▸ **WHAT THE EXERCISE ASKS**
Would you go through the records below and copy each line with the string "Foto"?

▸ **Records contained in a dataset**
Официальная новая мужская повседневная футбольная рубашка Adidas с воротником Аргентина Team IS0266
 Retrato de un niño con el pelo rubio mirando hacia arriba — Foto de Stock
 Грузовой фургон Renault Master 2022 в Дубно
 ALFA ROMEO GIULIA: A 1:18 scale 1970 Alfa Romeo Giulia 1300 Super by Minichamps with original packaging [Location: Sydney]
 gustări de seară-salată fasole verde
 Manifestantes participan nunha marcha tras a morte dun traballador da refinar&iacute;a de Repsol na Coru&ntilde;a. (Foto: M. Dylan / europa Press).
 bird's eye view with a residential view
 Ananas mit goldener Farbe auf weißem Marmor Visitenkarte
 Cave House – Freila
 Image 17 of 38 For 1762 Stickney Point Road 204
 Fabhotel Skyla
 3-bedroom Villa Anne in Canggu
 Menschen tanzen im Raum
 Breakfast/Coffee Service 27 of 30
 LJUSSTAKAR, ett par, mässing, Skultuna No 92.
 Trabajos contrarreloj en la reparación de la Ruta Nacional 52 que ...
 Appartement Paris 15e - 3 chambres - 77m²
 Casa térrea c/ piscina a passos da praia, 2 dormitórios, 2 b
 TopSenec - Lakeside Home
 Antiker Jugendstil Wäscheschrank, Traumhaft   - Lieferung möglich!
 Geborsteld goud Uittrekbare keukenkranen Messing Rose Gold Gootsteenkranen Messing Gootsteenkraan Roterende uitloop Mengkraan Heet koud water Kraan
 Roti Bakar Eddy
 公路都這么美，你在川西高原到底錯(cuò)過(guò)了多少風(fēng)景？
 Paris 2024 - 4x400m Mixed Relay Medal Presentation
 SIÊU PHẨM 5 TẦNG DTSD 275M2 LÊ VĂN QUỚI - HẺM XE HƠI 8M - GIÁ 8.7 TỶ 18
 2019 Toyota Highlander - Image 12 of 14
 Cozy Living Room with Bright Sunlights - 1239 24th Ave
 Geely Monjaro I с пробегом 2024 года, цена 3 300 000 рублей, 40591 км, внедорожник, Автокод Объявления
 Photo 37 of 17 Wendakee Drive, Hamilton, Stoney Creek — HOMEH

▸ **REPLY**
 Retrato de un niño con el pelo rubio mirando hacia arriba — Foto de Stock
 Manifestantes participan nunha marcha tras a morte dun traballador da refinar&iacute;a de Repsol na Coru&ntilde;a. (Foto: M. Dylan / europa Press).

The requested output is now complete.